3 instruct on a particular legal point, when it does choose to instruct, it must do so correctly.” (People v. Castillo (1997) 16 Cal.4th 1009, 1015.) We review claims of instructional error de novo. (People v. Covarrubias (2016) 1 Cal.5th 838, 919 (Covarrubias).) 1. CALCRIM Nos. 375 and 1191A Ray contends the court erred by instructing the jury with CALCRIM No. 375 regarding uncharged conduct (Evid. Code, § 1101, subd. (b)) and CALCRIM No. 1191A regarding uncharged sex offenses (Evid. Code, § 1108). We disagree.
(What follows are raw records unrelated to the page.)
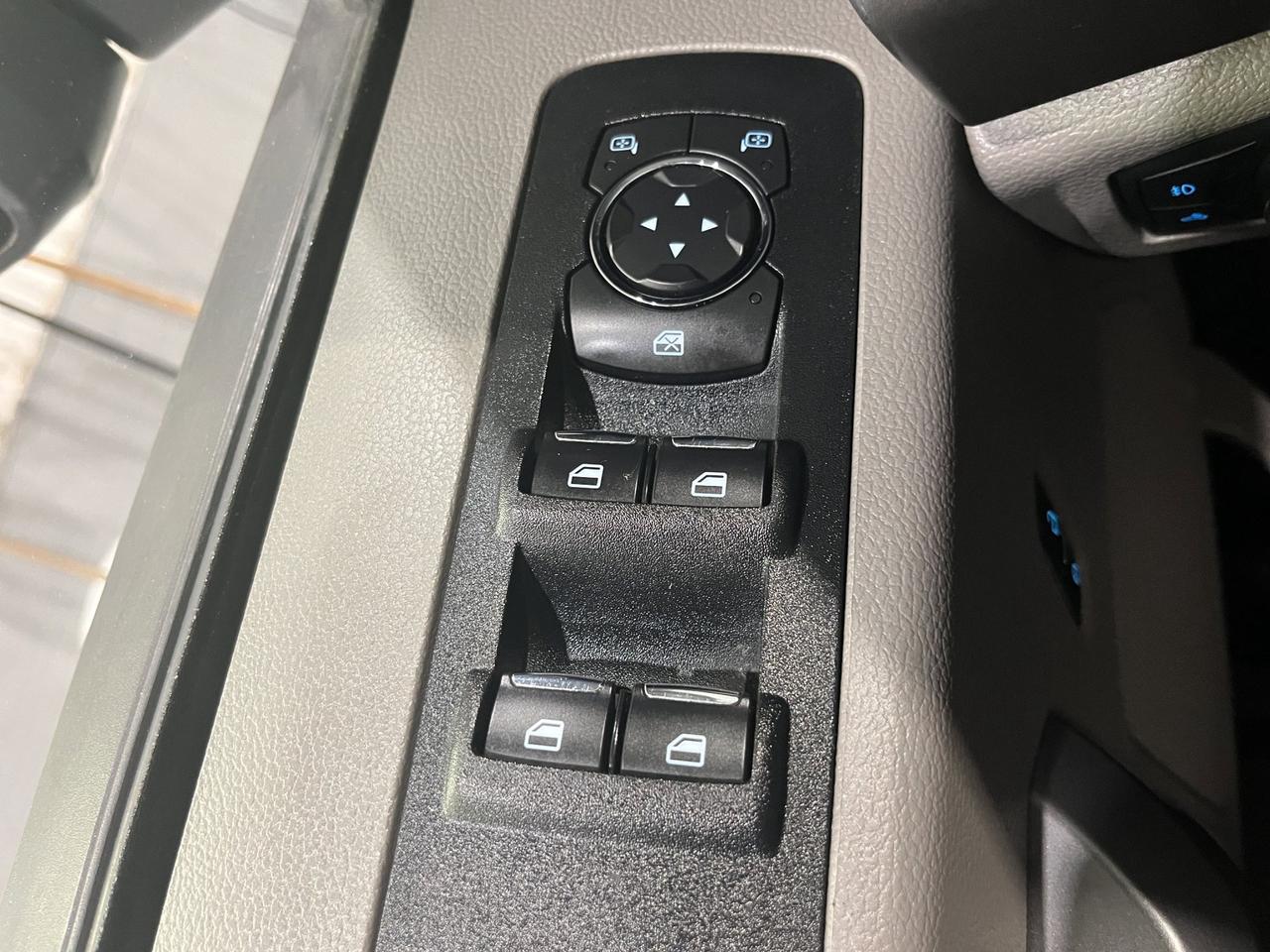 2019 Ford F-150 XLT | Reverse Cam Photo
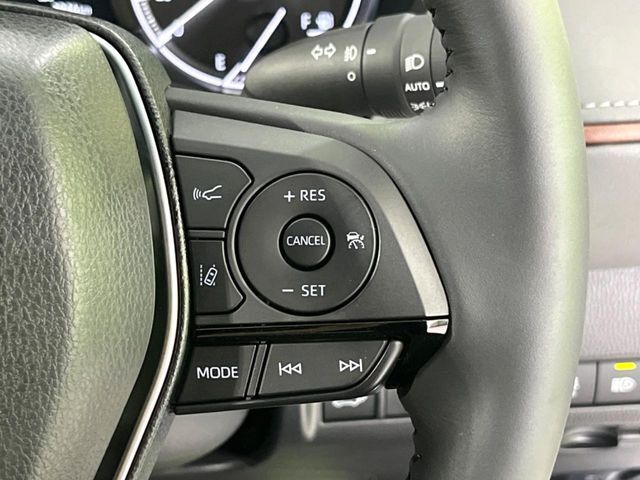 【レーダークルーズコントロール】高速道路での長距離走行が楽に！！自動で速度を保つクルーズコントロールが、衝突軽減システムと連携し、前方の車両を感知して車間を保つように速度調節してくれます！！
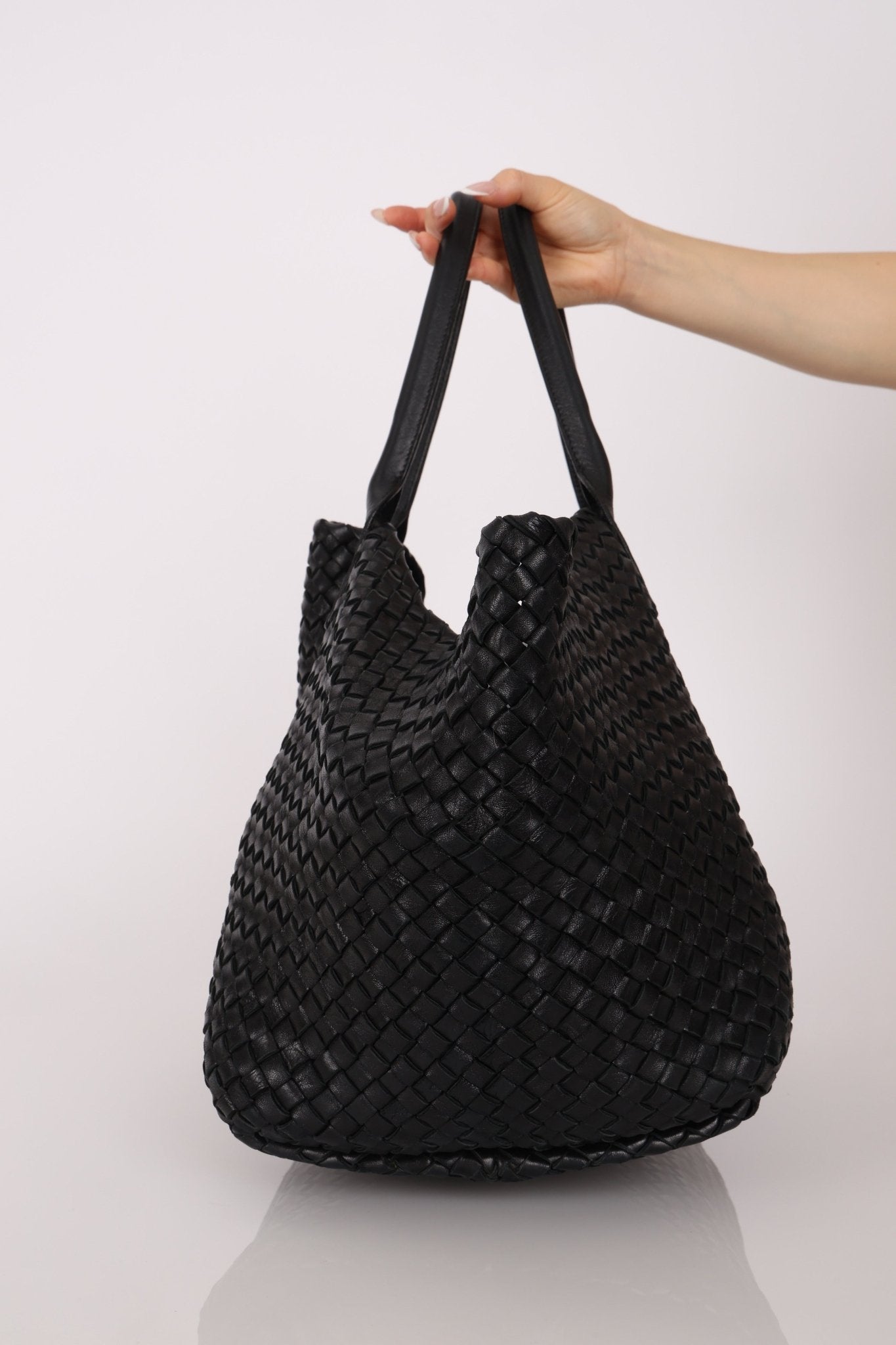 Limited Edition Bottega Veneta Black Intrecciato Large Cabat with Pouch - FashioNica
CALCRIM No. 375 stated that the prosecution presented evidence of uncharged offenses of sexual battery (§ 243.4, subd. (e)(1)), exhibiting harmful material to a minor (§ 288.2, subd. (a)(2)), and possession of child pornography (§ 311.1, subd. (a)). It further stated, “The People presented evidence of other behavior by the defendant that was not charged in this case.” It stated that if “the uncharged offenses and acts” were proved by a preponderance of the evidence, the jurors “may, but are not required to, consider that evidence” for the limited issues of identity; specific intent of “sexual arousal, sexual gratification, or sexual abuse”; motive; knowledge the victims were under 18; lack of mistake or accident; and plan or scheme. It stated, “If you conclude that the defendant committed the uncharged offenses and acts, that conclusion is only one factor to consider along with all the other evidence. It is not sufficient by itself to prove that the defendant is guilty of counts 1 through 38. The People must still prove each charge beyond a reasonable doubt.” CALCRIM No. 1191A stated that if the same uncharged crimes of sexual battery, exhibiting harmful material, and possession of child pornography were proven by a preponderance of the evidence, the jurors “may, but are not required to, conclude

4 from that evidence that the defendant was disposed or inclined to commit sexual offenses, and . . . was likely to commit and did commit” the charged offenses. It added that this evidence was “only one factor,” was “not sufficient by itself” to prove guilt, and “[t]he People must still prove the charge beyond a reasonable doubt.” Other instructions listed the elements of the uncharged crimes and identified the victims for each. The jury was instructed the “harmful material” and child pornography evidence pertained to Doe 5. (CALCRIM Nos. 1140, 1141.) Sexual battery applied to “John Doe A, John Doe C, and John Doe #7 (specifically the allegation that defendant masturbated John Doe #7 at the conclusion of a massage).” (CALCRIM No. 938.) The instructions did not specify the “other behavior by the defendant that was not charged” as stated in CALCRIM No. 375. Our Supreme Court has “ ‘long held’ ” that the jury may consider evidence of other crimes if “ ‘ “proved by a preponderance of the evidence.” ’ ” (People v. Virgil (2011) 51 Cal.4th 1210, 1259.) “If the jury finds the facts sufficiently proven for consideration, it must still decide whether the facts are sufficient, taken with all the other evidence, to prove the defendant’s guilt beyond a reasonable doubt.” (Id. at pp. 1259–1260; see People v. Bryant, Smith and Wheeler (2014) 60 Cal.4th 335, 437.) These principles were included in CALCRIM Nos. 375 and 1191A, given here. Our Supreme Court upheld an instruction that applied the preponderance standard to an uncharged offense in People v. Reliford (2003) 29 Cal.4th 1007.